* EXERCISE GOAL
Would you print only the lines running from the one with "Bachmann Trains HO" to the final line of the data below, word for word and without pictures?

───── DATA EXTRACT ─────

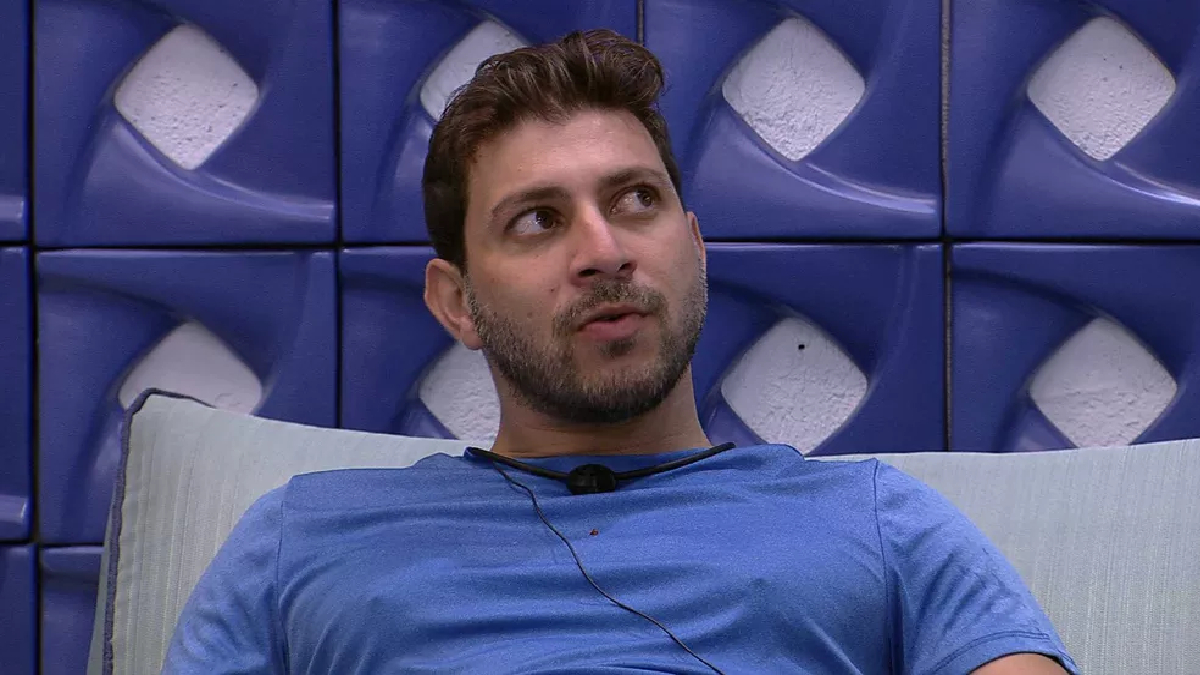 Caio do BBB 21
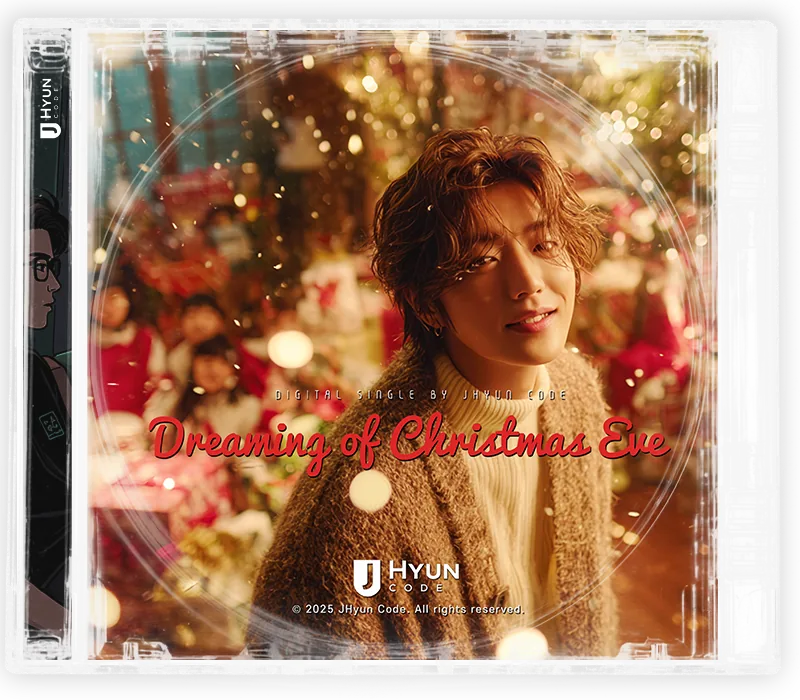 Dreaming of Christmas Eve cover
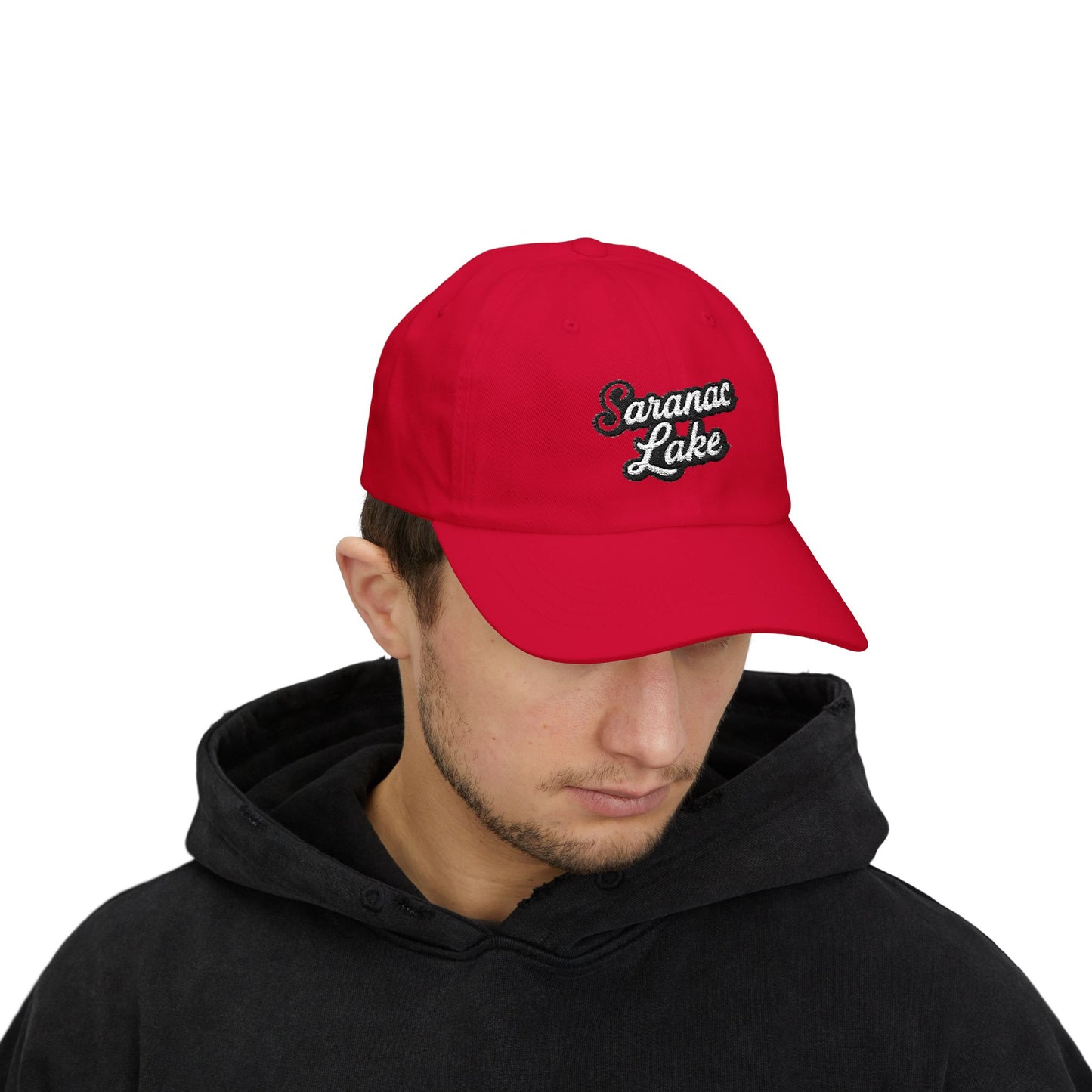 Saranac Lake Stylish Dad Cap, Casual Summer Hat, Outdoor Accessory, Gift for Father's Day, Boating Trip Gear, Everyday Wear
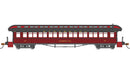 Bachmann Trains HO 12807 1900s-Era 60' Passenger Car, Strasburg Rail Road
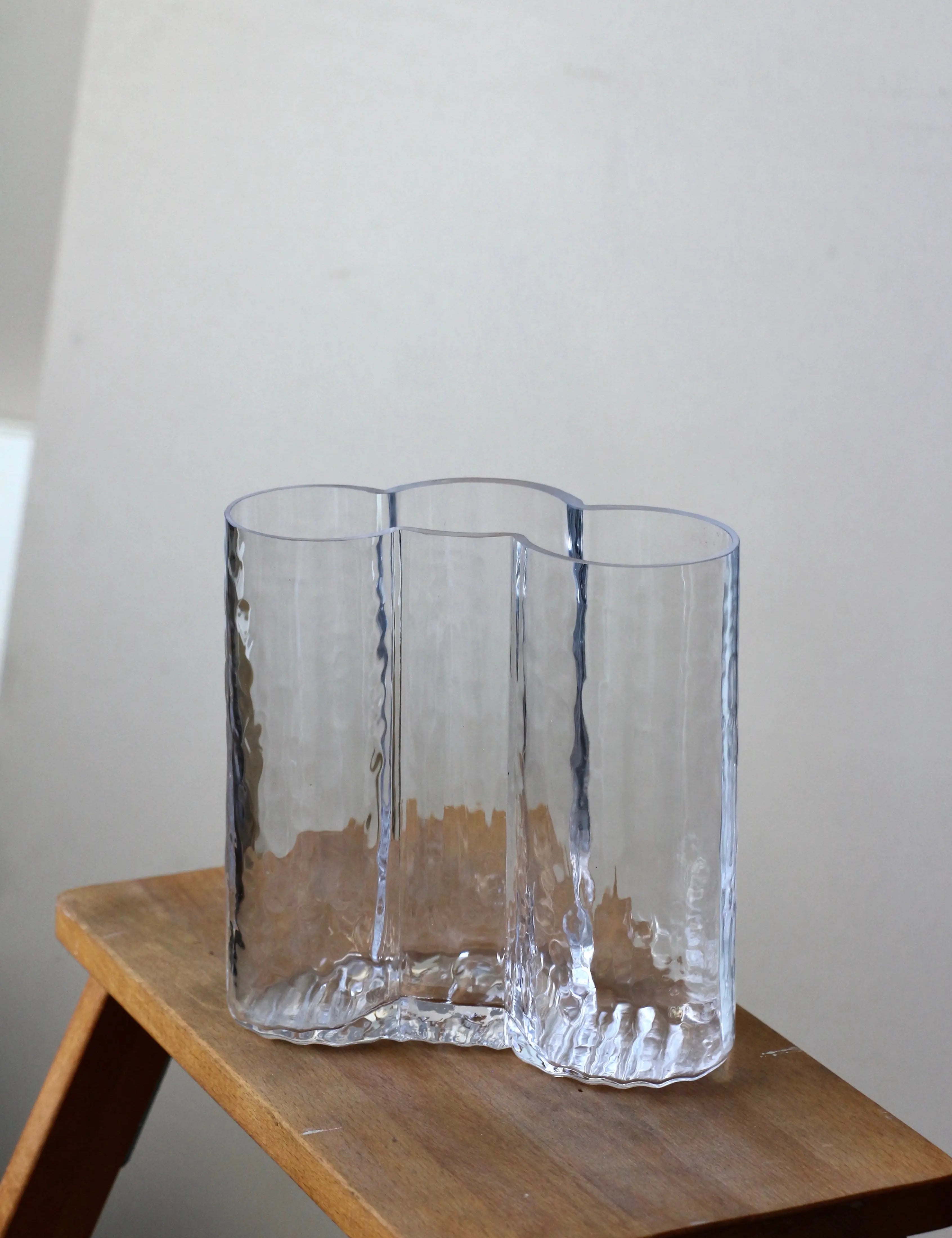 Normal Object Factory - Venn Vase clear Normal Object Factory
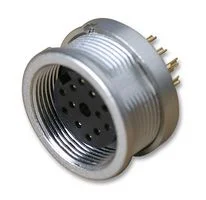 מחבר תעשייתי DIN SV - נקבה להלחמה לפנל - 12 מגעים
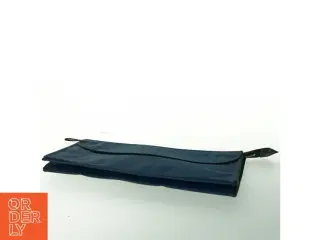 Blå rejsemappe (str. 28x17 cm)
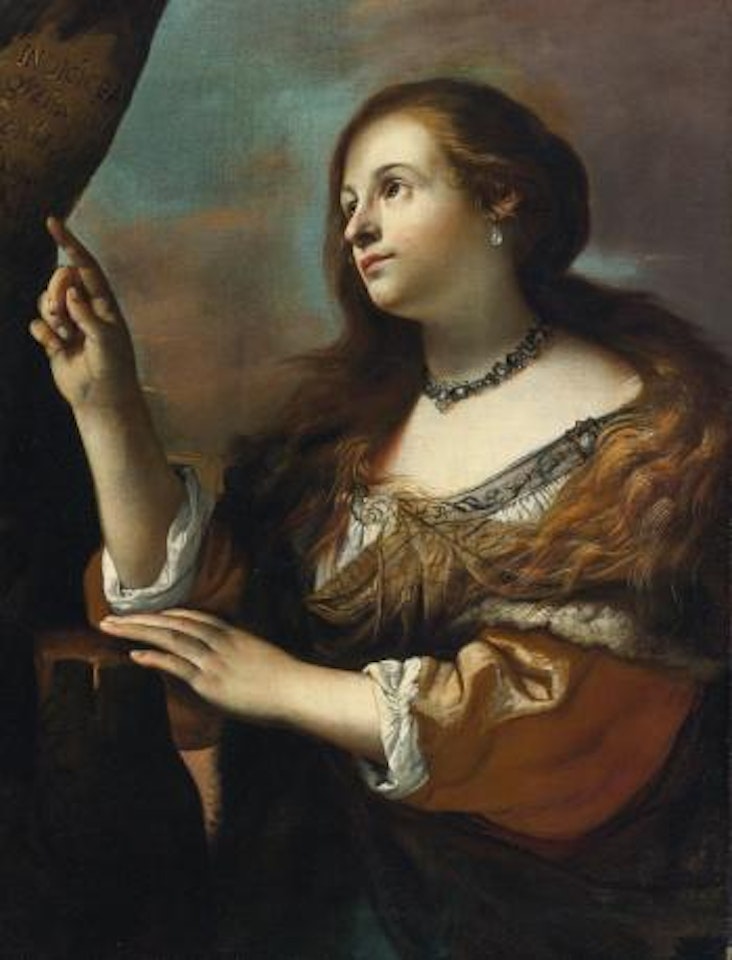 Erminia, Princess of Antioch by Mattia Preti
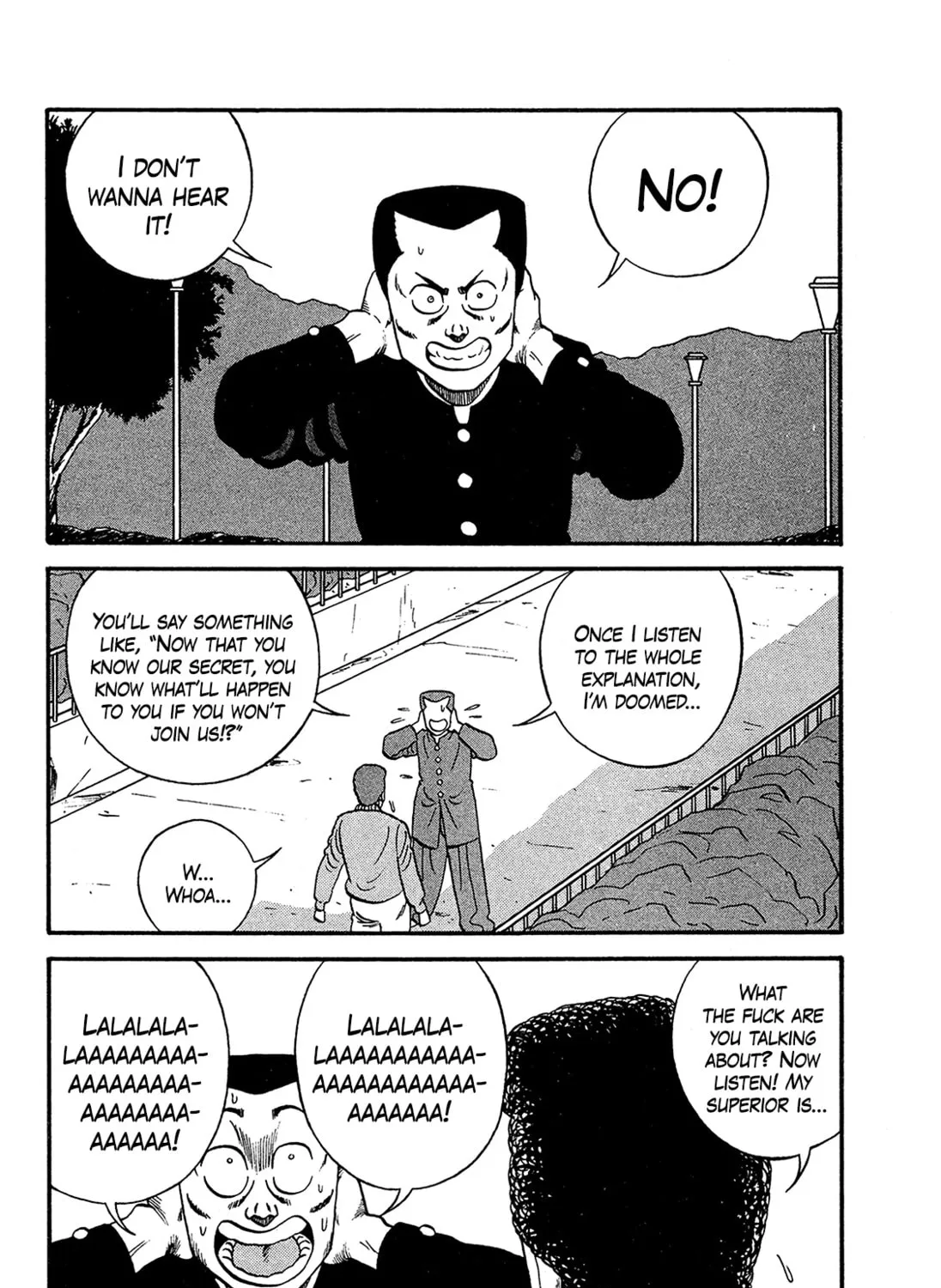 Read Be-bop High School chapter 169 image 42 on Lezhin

─────

* ANSWER TO THE PROBLEM
 Bachmann Trains HO 12807 1900s-Era 60' Passenger Car, Strasburg Rail Road
 Normal Object Factory - Venn Vase clear Normal Object Factory
 מחבר תעשייתי DIN SV - נקבה להלחמה לפנל - 12 מגעים
 Blå rejsemappe (str. 28x17 cm)
 Erminia, Princess of Antioch by Mattia Preti
 Read Be-bop High School chapter 169 image 42 on Lezhin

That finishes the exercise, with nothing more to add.